Как рыцарь был первообраз мира феодального, так купец стал первообразом нового мира: господа заменились хозяевами. Купец сам по себе — лицо стертое, (355) промежуточное; посредник между одним, который производит, и другим, который потребляет, он представляет нечто вроде дороги, повозки, средства.
Рыцарь был больше он сам, больше лицо, и берег, как понимал, свое достоинство, оттого-то он в сущности и не зависел ни от богатства, ни от места; его личность была главное; в мещанине личность прячется или не выступает, потому что не она главное: главное — товар, дело, вещь, главное — собственность.
Рыцарь был страшная невежда, драчун, бретер, разбойник и монах, пьяница и пиетист, но он был во всем открыт и откровенен; к тому же он всегда готов был лечь костьми за то, что считал правым; у него было свое нравственное уложение, свой кодекс чести, очень произвольный, но от которого он не отступал без утраты собственного уважения или уважения равных.

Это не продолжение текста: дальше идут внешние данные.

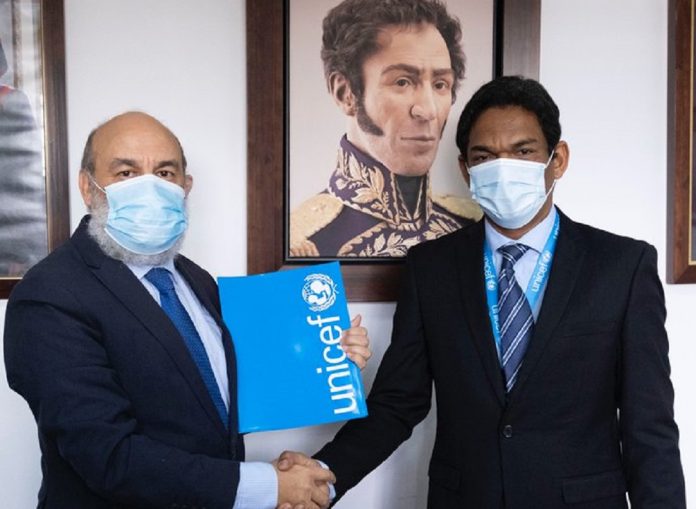 Representante de Unicef para Venezuela entregó su carta de acreditación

Купец — человек мира, а не войны, упорно и настойчиво отстаивающий свои права, но слабый в нападении;
расчетливый, скупой, он во всем видит торг и, как рыцарь, вступает с каждым встречным в поединок, только мерится с ним — хитростью. Его предки, средневековые горожане, спасаясь от насилий и грабежа, принуждены были лукавить: они покупали покой и достояние уклончивостью, скрытностью, сжимаясь, притворяясь, обуздывая себя. Его предки, держа шляпу и кланяясь в пояс, обсчитывали рыцаря; качая головой и вздыхая, говорили они соседям о своей бедности, а между тем потихоньку зарывали деньги в землю. Все это естественно перешло в кровь и мозг потомства и сделалось физиологическим признаком особого вида людского, называемого средним состоянием.

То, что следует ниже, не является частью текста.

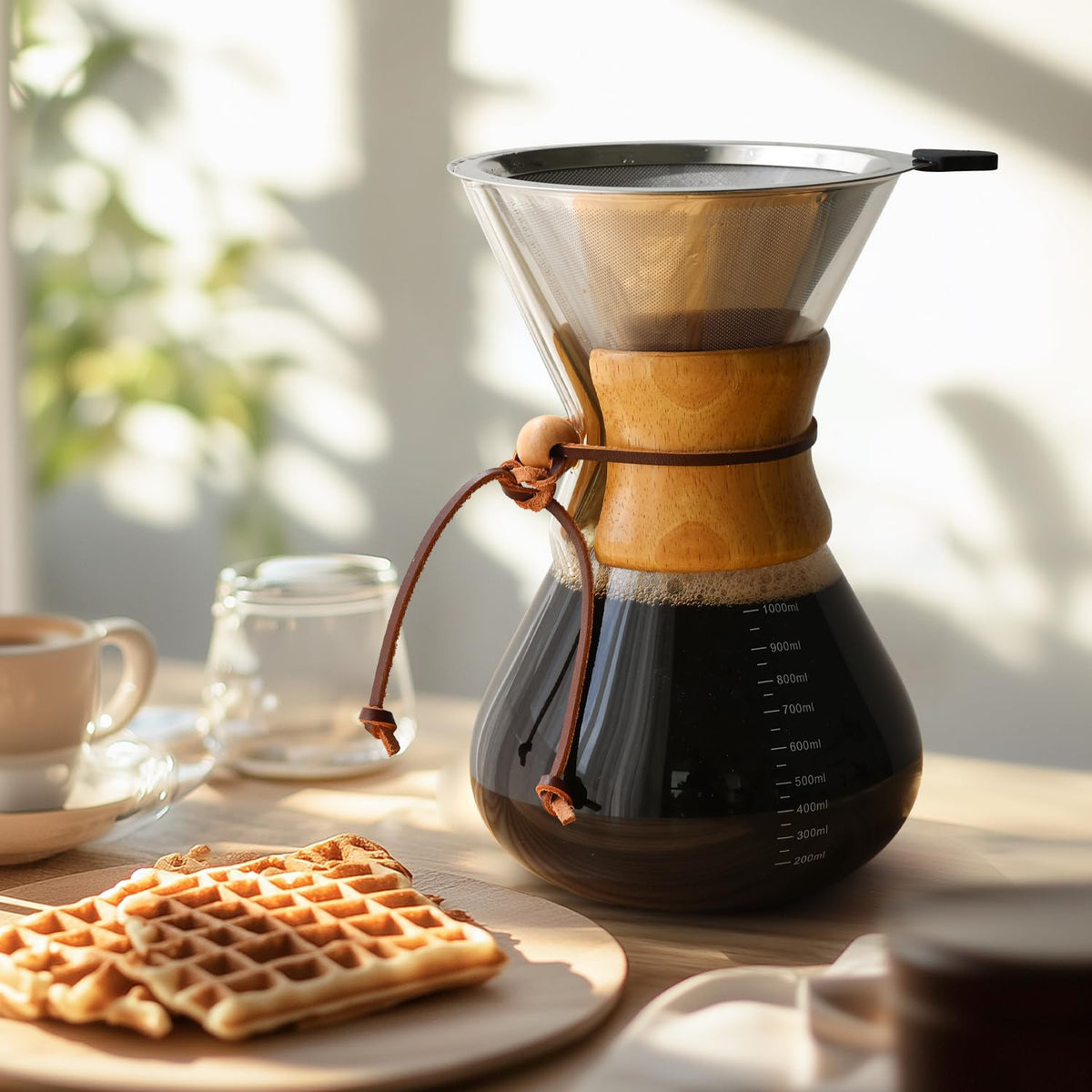Pour Over Coffee Maker 34 OZ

Пока оно было в несчастном положении и соединялось с светлой закраиной аристократии для защиты своей веры, для завоевания своих прав, оно было исполнено величия и поэзии. Но этого стало ненадолго, и Санчо Панса, завладев местом и запросто развалясь на просторе, дал себе полную волю и потерял свой народный юмор, свой здравый смысл; вульгарная сторона его натуры взяла верх.